The aim of the publishing platform project is to simplify GOV.UK's technical architecture and make it easier to iterate quickly.
We plan to build new features to support a write api and shared workflow features.
One of the sources of complexity in the current architecture is that state is distributed across many microservices and there's no way to verify whether the overall system is in a valid state.
This leads to insidious bugs such as this one which are hard to debug.
We built a prototype to investigate whether an event sourcing approach might work for us, and felt that the pattern provides a number of benefits.
Firstly it gives us an audit trail out of the box, a feature which we've hoped to have for some time.
Secondly, it will make it easier to respond to changing requirements because we can use the event log to modify or build new derived representations at any point in time.
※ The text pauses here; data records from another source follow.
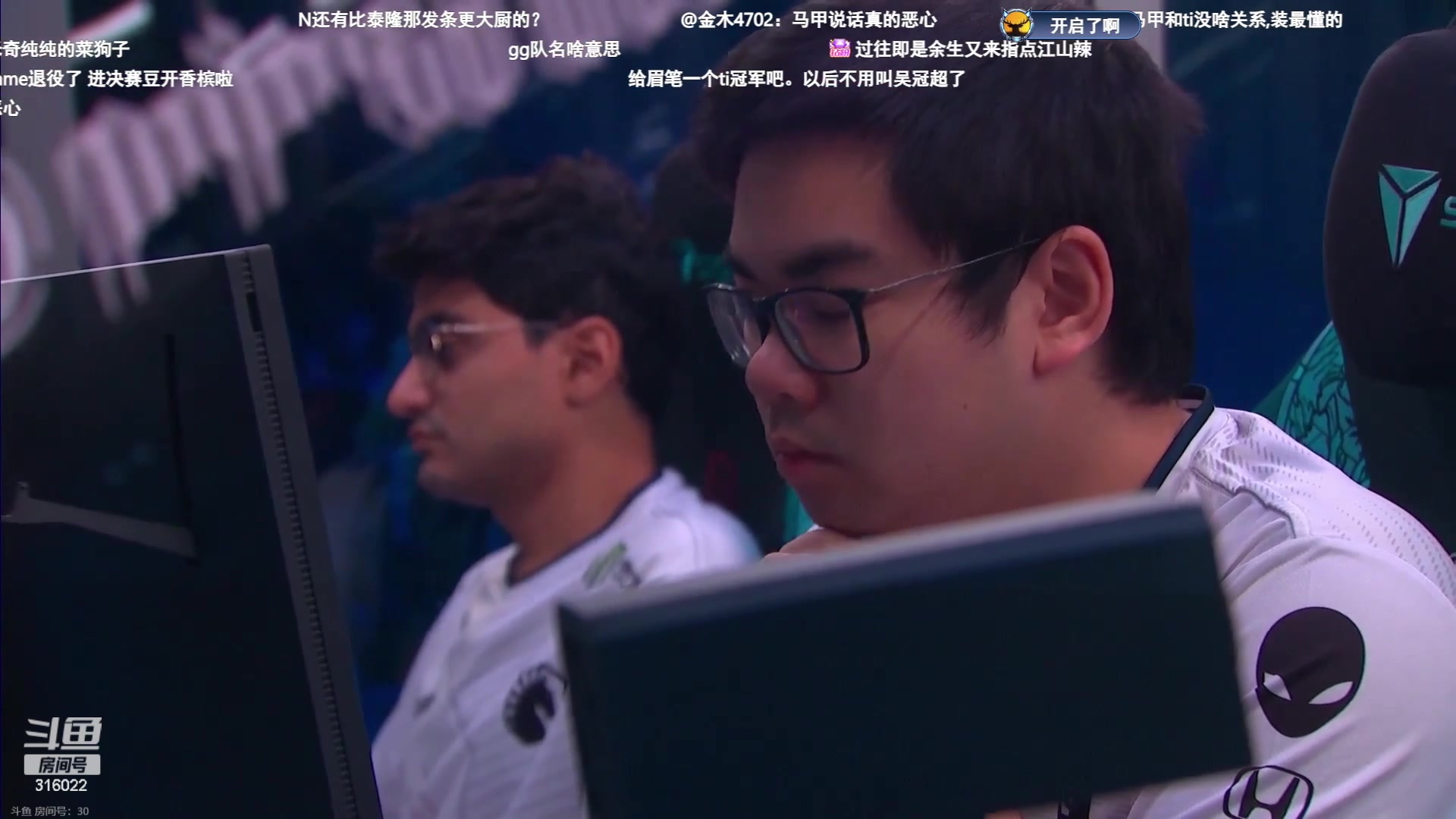 【2023-10-29 00点场】右手supking：重拾信心上冠绝！！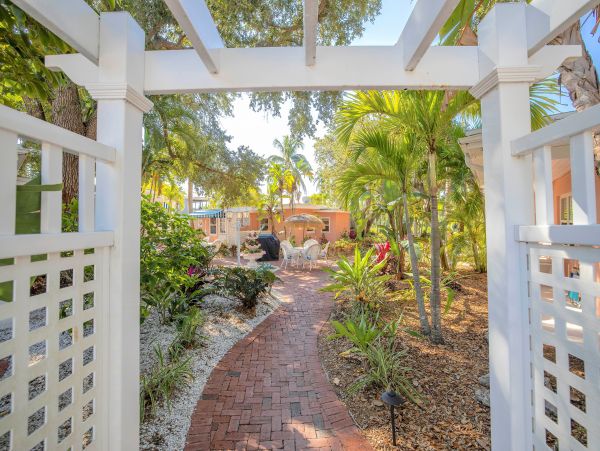 Siesta Key Condo 1024488
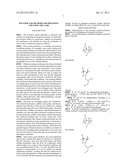 POLYMER AND METHODS FOR PREPARING AND USING THE SAME diagram and image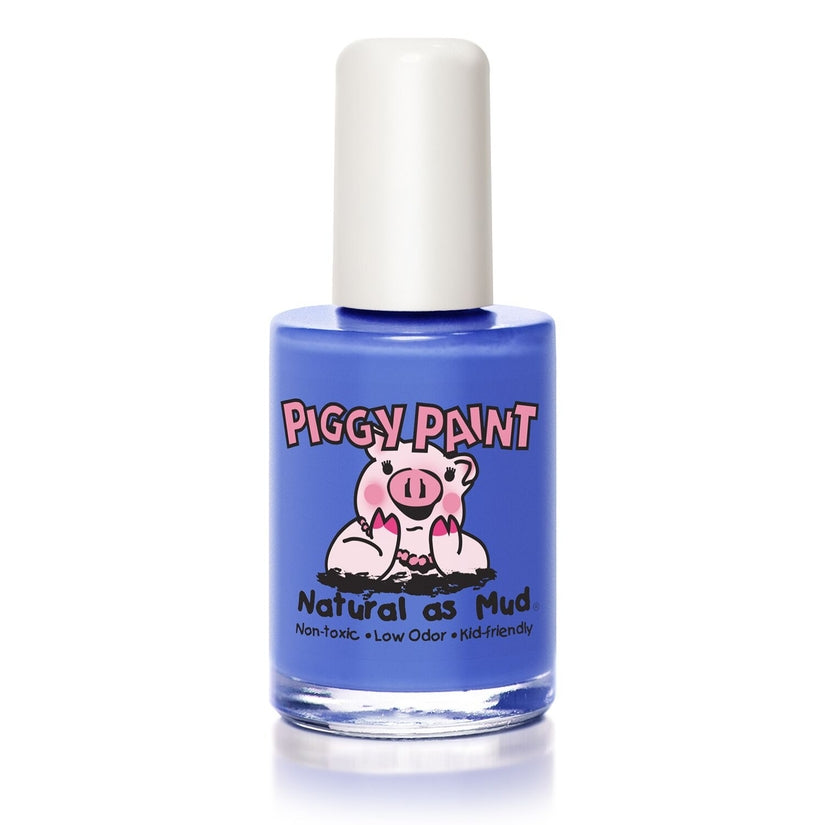 Piggy Paint Non-Toxic Kid-Friendly Nail Polish
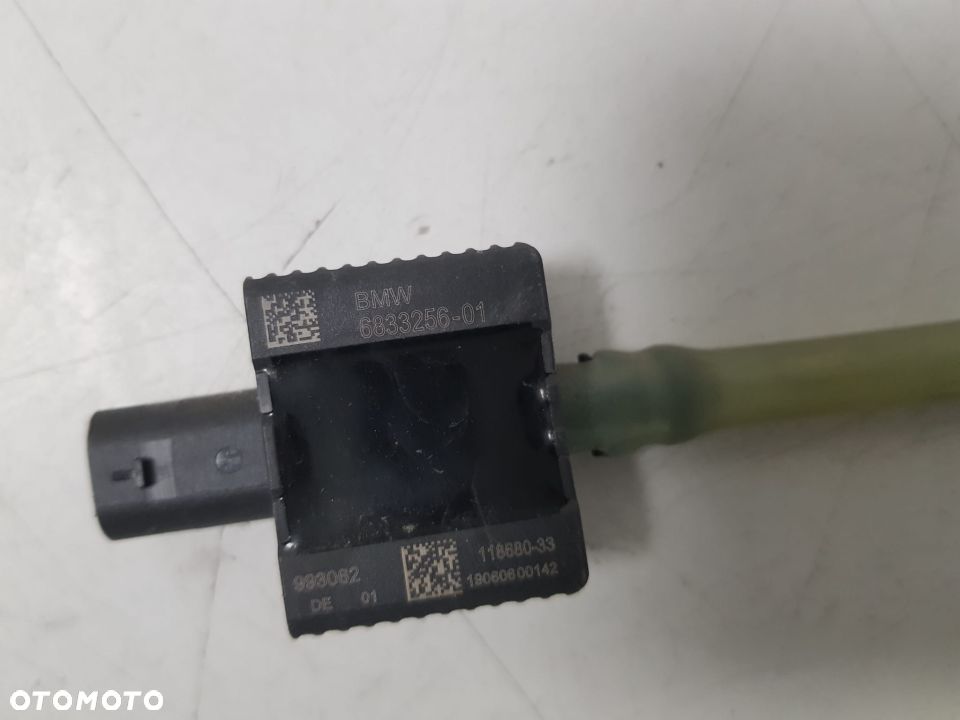 BMW G01 G02 F45 F46 G20 CZUJNIK OCHRONY PIESZYCH 6833256 - 2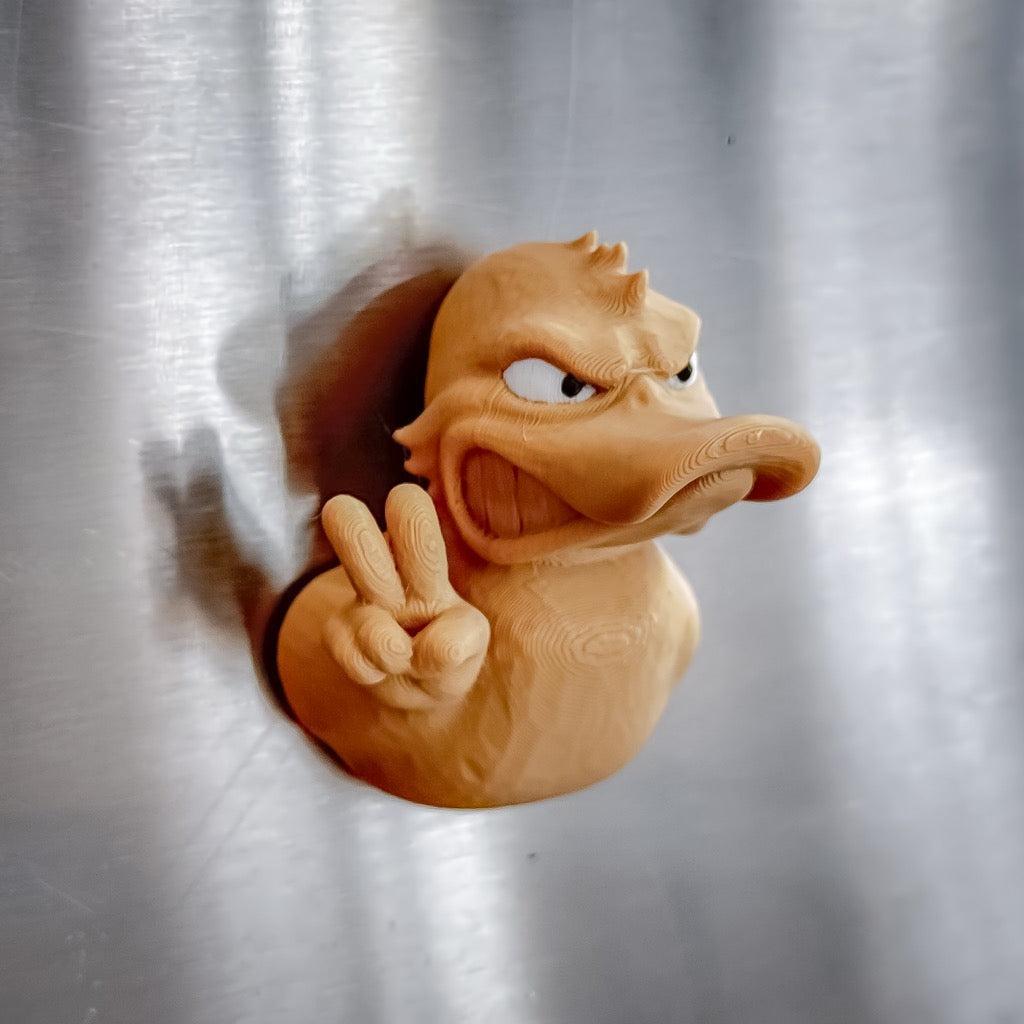 Magni-Duck magnetic duck-duckduckjeep-offroad-wrangler-gladiator-3d-jeep duck-custom duck-Jeep-The Quacktory-Fun Jeep Ducks-Ducks4Jeep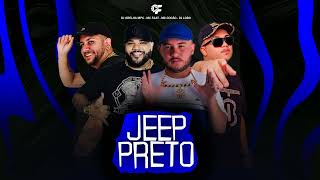 MC COCÃO  JEEP PRETO Feat Mc Faat  DJS ORELHA MPC amp DJ LOBO  TROPADOROSA [upl. by Silas]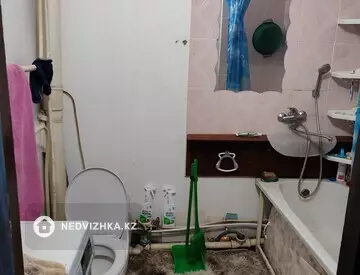 2-комнатная квартира, этаж 2 из 5, 61 м²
Lastly it addresses the issue of data consistency across the platform by providing a single point of truth against which other systems can be validated or potentially rebuilt from scratch.
We also have a requirement that some data is updated synchronously when making calls to the publishing API. This synchronously updated data will need to be held within the same database as the publishing API so that we can guarantee consistency.
Other data (for example rummager, content store) can be held in a separate systems and updated asynchronously.
We'll adopt the event sourcing pattern for the publishing api.
All operations which may mutate the state of the publishing platform should be logged as an event in the publishing API.
The publishing API will store some derived representations locally in its own database and update them synchronously with the logging of the event, within a database transaction.
Other derived representations will be updated asynchronously, e.g:
- content store
- rummager
Accepted.
Since this is a pattern which we don't have much experience of, we'll need to be open to learning and reviewing our approach as we go forward.
In particular the choices around what data is updated synchronously/asynchronously should be considered carefully to balance the trade-off between speed of api calls and the value of consistent reads to api clients.
There's some ideas around replaying of the event log to rebuild derived systems but until we have a concrete use-case for this there's no point in speculating about the implementation.